# Giving it another go



## StillRemains

Some of you might not remember my story, but I wanted to post here to say that my H is now back home. :smthumbup:

We started talking a few weeks ago about R but I didn't post anything so as not to jinx things.  Initially, I confronted him about what I thought might be evidence of OW but it turned out I had jumped to conclusions and it wasn't (I've talked to many people and all have confirmed there was no OW so far as anyone could tell). What did come out as a result of that chat was that he wasn't happy and wanted to come back home, but at the time, we both agreed it would be best to move slowly and make SURE this is what we both wanted to do since we have kids. 

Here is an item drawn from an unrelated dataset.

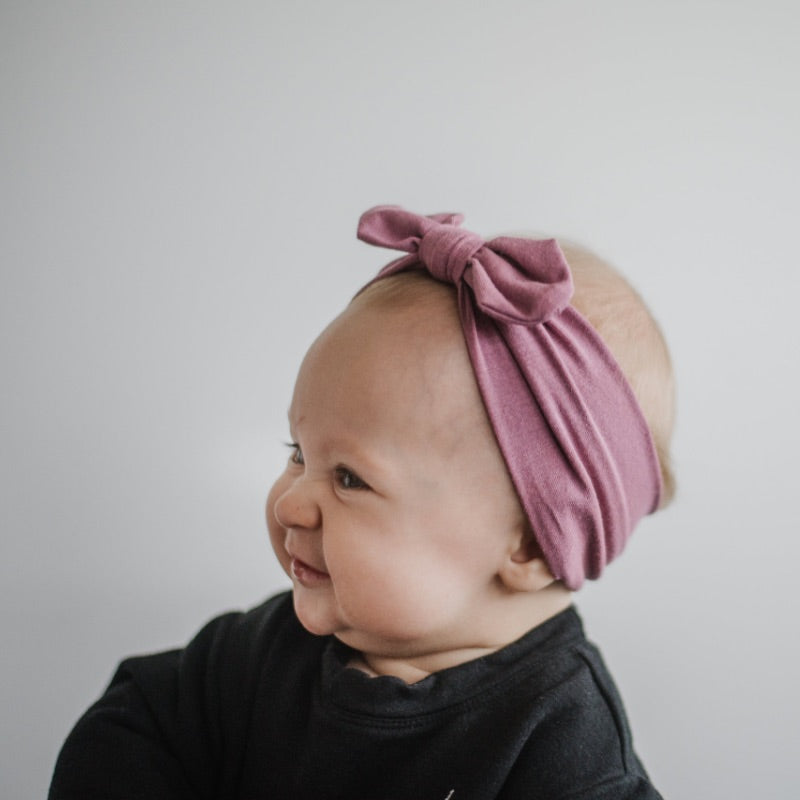 headband - mauve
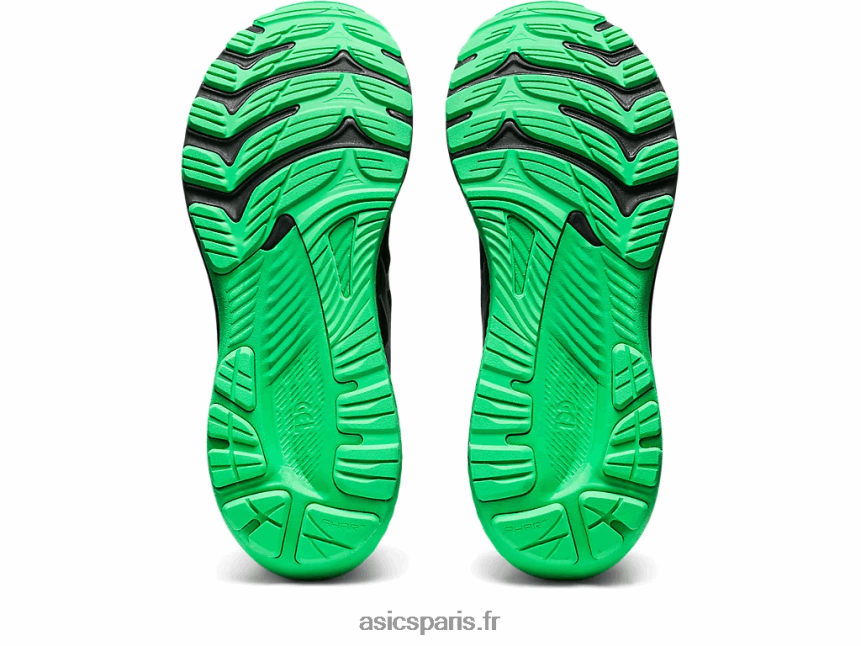 Hommes Asics gel-kayano 29 lite-show BXL8B2725 noir/nouvelle feuille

We had some good talks and then started to go on dates, and things went pretty well with that (definitely going to keep up the dates!) Then he moved back home and I am very glad to have him back. I've learned a lot here at TAM and have grown in myself as a result, and I'm happy now that I get a chance to try again with my H. Everything I learned here will only help make our marriage stronger, as I have also become stronger and learned more about meeting each other's needs, etc. I will never forget the pain I went through and will never take my marriage for granted in the future. We still have work to do, obviously, but at least he's back at home now and it will be much easier to work on things while in the same house. 

Wish us good luck!!


----------



## dormant

That's GREAT!!


----------



## daisygirl 41

That's great news.
Loads of positive vibes and good luck coming your way!
Xx
_Posted via Mobile Device_


----------



## stilllookingup

Congratulations, good luck and take it slowly!
_Posted via Mobile Device_


----------



## YupItsMe

Very good to hear. Good luck


----------



## 36Separated

great news


----------



## StillRemains

Thanks all. It's going pretty well so far. I won't lie and say it's been all perfection all the time. There are still triggers, which I think is normal. I have moments where I feel like I'm holding my breath, almost waiting for the other shoe to drop, but that is getting a little better all the time. H has now been back home almost as long as we were separated. I've discovered things about that time, some good and some bad, but we are working to put it behind us and build a better marriage from the ashes of all that. I hope it lasts but only time will tell that story. I pray we don't blow the chance to be happier together. I'm also being vigilant so I don't lose myself again, keeping a healthy focus on my own needs.  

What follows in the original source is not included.